Неудачники, “незамеченное поколение” выработали свой стиль – ту музыкальную ноту (“благополучие антимузыкально”), о кото­ром Б. Поплавский писал: “Существует только одна парижская шко­ла, одна метафизическая нота, все время растущая – торжествен­ная, светлая и безнадежная” (Числа, 2,2 310-311).

Петербург был рядом – в тех же или соседних кафе, в картинно-столичной манере держаться и держать дистанцию. Он сыграл роль катализатора, с одной стороны, и, с другой, – препятствия, тормоза. Слишком поглощенный своей трагедией парижский Петербург их не видел, не принимал – что и помогло им не заблудиться среди ампир­ного снобизма литературных салонов.

И новое мироощущение, новая атмосфера, которую они одновре­менно воспринимали “как почти существующую и ... как еще никогда не бывшую” оформились самостоятельно. В “Числах”, воз­никших между “Зеленой лампой” Мережковских и “Кругом” Фондаминского, воплотился опыт молодых русских парижан, характери­зовавшийся обостренным ощущением катастрофы и напряженными медитациями о “цели жизни и смысле смерти” (Числа, 1, 5-6). Поэт Николай Оцуп с его абсолютным чутьем людей был Дягилевым “Чи­сел”.

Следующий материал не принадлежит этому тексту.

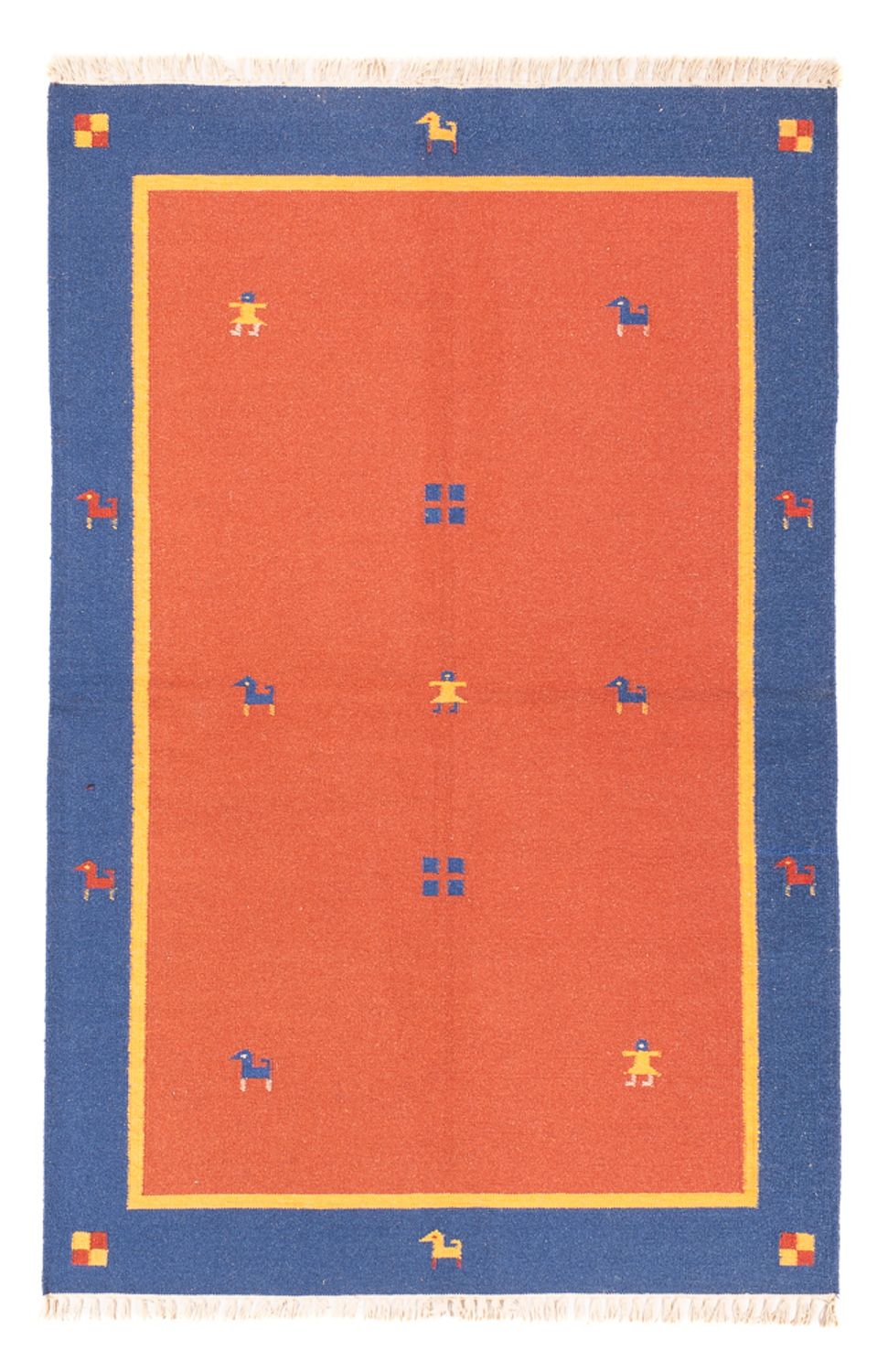 Alfombra Kelim - Tendencia - 200 x 140 cm - multicolor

Литературный Петербург был их памятью, их родословной, па­рижским фоном, культурой и стилем. Но рядом были и люди из Ордена русской интеллигенции, сознательно работавшие с идеями эсхатологизма времени и его преодоления, – круг, обращенный к внешнему деланию, к поискам социального практического выхода, к счастью, сочетавший это с идеями внутреннего преодоления катаст­рофы в категориях христианской нравственности. Посему идея ново­го Града, повернутая к “числовцам” своей внутренней эзотерической стороной, позже смогла стать местом общей встречи. И. Бунаков-Фондаминский был вдохновителем “Круга”, человек, который умел распознать выражение глаз, занятых внутренней работой.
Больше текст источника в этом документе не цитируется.